Would you please repeat, word for word, only the lines from the one holding "TARAF_PartsCatalogue-012004-01 Actuation Sensors" through the one holding "2023 Harley-Davidson® RA1250S" in the material below, without the pictures?

SOURCE DATA

————

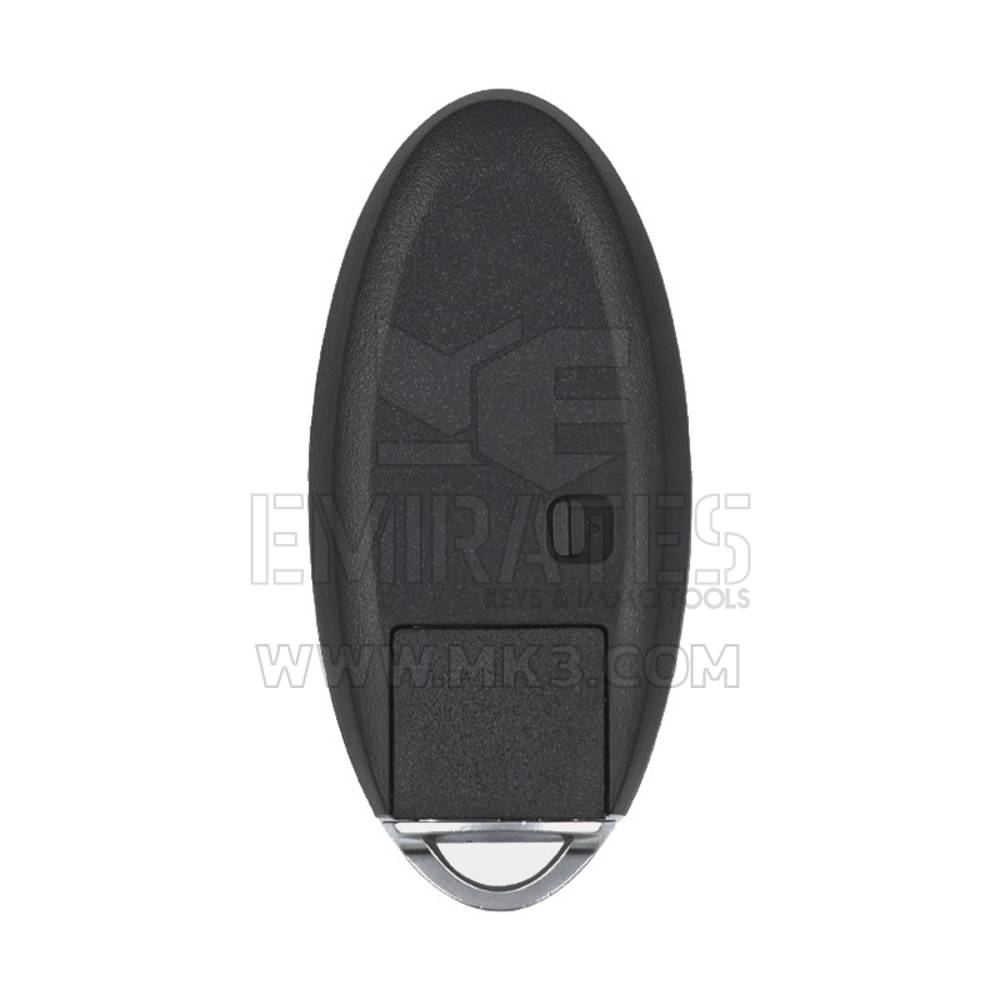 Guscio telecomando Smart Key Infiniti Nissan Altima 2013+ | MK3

————

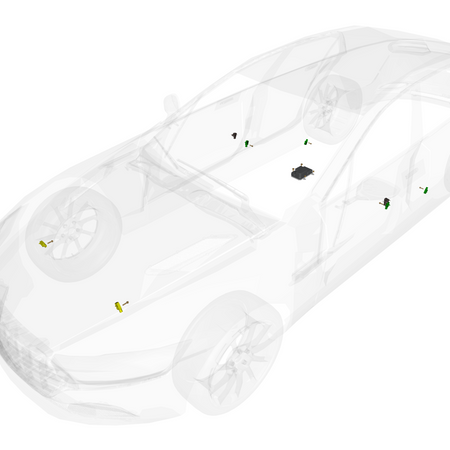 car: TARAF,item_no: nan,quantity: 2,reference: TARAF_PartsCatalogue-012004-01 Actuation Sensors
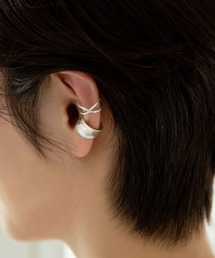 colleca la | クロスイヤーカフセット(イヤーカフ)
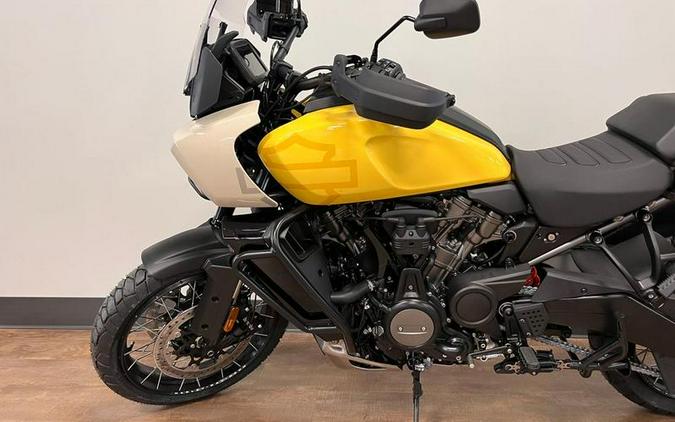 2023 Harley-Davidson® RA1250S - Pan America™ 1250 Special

————

RESULT BELOW
 car: TARAF,item_no: nan,quantity: 2,reference: TARAF_PartsCatalogue-012004-01 Actuation Sensors
 colleca la | クロスイヤーカフセット(イヤーカフ)
 2023 Harley-Davidson® RA1250S - Pan America™ 1250 Special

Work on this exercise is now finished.